You are viewing a plain text version of this content. The canonical link for it is here.
Posted to users@jena.apache.org by Olivier Rossel <ol...@gmail.com> on 2012/10/29 16:56:20 UTC

Surviving a UTF-8 parsing error.

Sometimes my CONSTRUCTs retrieve wrongly encoded UTF-8 content.
When Xerces/Jena parses such XML data,  it returns an XML parsing error.

Is it a common issue?
Could we imagine a workaround, so the parsing does not fail on UTF-8
encoding errors?

May be preparse and fix any UTF-8 inconsistencies before the XML parsing...

Re: Surviving a UTF-8 parsing error.

Posted by "Dan B." <da...@kempt.net>.
Andy Seaborne wrote:
> On 29/10/12 15:56, Olivier Rossel wrote:
>> Sometimes my CONSTRUCTs retrieve wrongly encoded UTF-8 content.
>> When Xerces/Jena parses such XML data,  it returns an XML parsing error.
>>
>> Is it a common issue?
>> Could we imagine a workaround, so the parsing does not fail on UTF-8
>> encoding errors?
>>
>> May be preparse and fix any UTF-8 inconsistencies before the XML parsing...
>>
>
> The conversion from bytes to chars is done inside Xerces and is not recoverable.
>
> Testing first is better - there is a command riotcmd.utf8 that checks a file.
>
> (The non-RDF/XML parsers use java conversion but the issue remains - it's not recoverable albeit because the standard decoders buffer and don't say where the encoding problem was).

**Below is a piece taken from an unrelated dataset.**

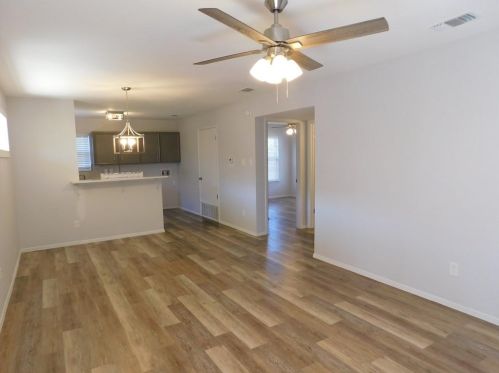 305 Blackson Ave, Austin TX  78752-2610 exterior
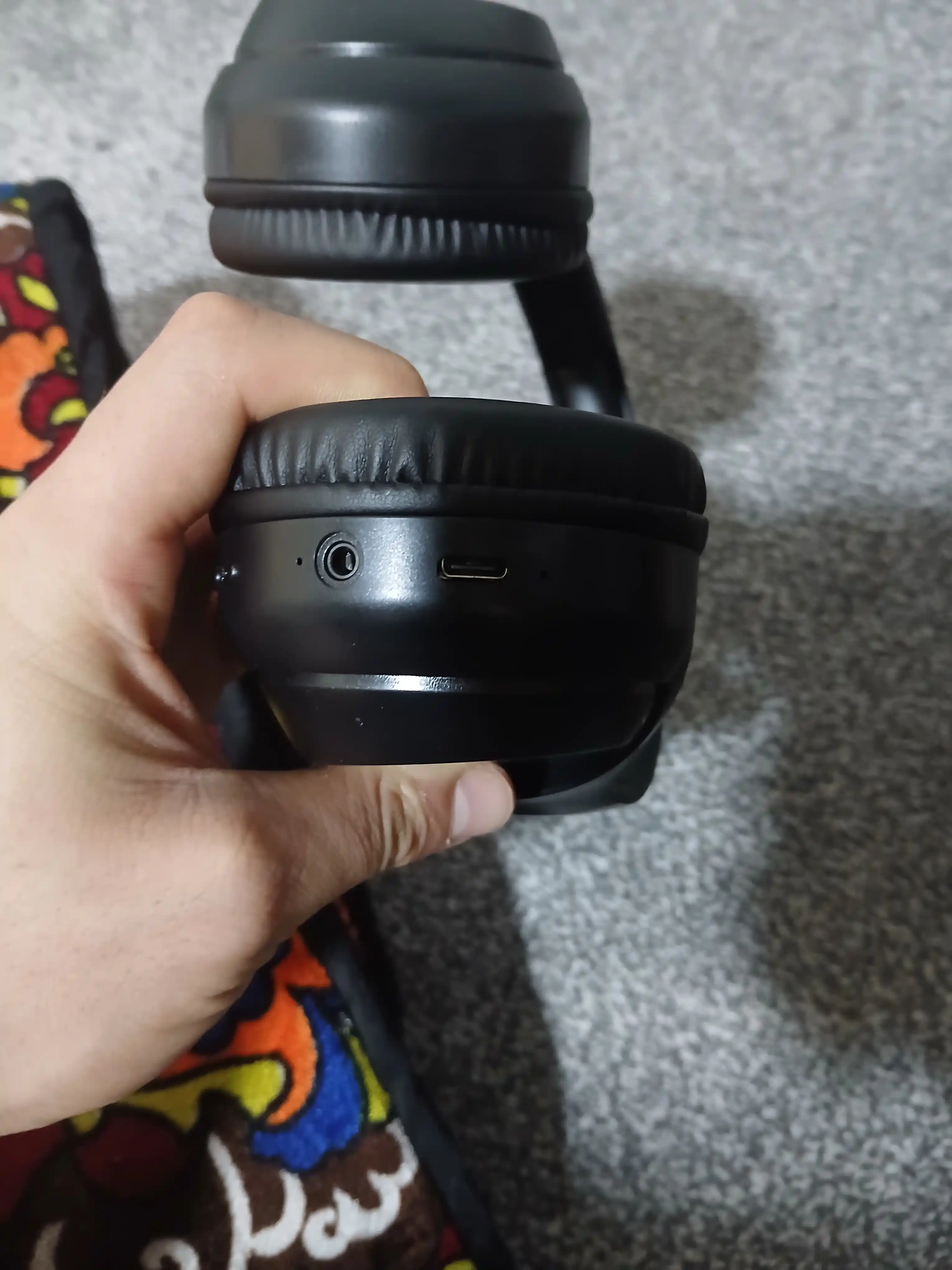 Quloqchin, katta,to‘liq o‘lchamli Bluetooth naushniklar mikrofon, SD-pleer va radio bilan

Also, note that rejecting invalid UTF-8 sequences is recommended
(required, actually, in some specifications) for security.

(You don't want some input validator and a later input processing
interpreting invalid UTF-8 byte sequences differently, so the usual
rule is that an invalid UTF-8 byte sequence must result in error.)


Daniel







Re: Surviving a UTF-8 parsing error.

Posted by Andy Seaborne <an...@apache.org>.
On 29/10/12 15:56, Olivier Rossel wrote:
> Sometimes my CONSTRUCTs retrieve wrongly encoded UTF-8 content.
> When Xerces/Jena parses such XML data,  it returns an XML parsing error.
>
> Is it a common issue?
> Could we imagine a workaround, so the parsing does not fail on UTF-8
> encoding errors?
>
> May be preparse and fix any UTF-8 inconsistencies before the XML parsing...
>

The conversion from bytes to chars is done inside Xerces and is not 
recoverable.

Testing first is better - there is a command riotcmd.utf8 that checks a 
file.

(The non-RDF/XML parsers use java conversion but the issue remains - 
it's not recoverable albeit because the standard decoders buffer and 
don't say where the encoding problem was).

	Andy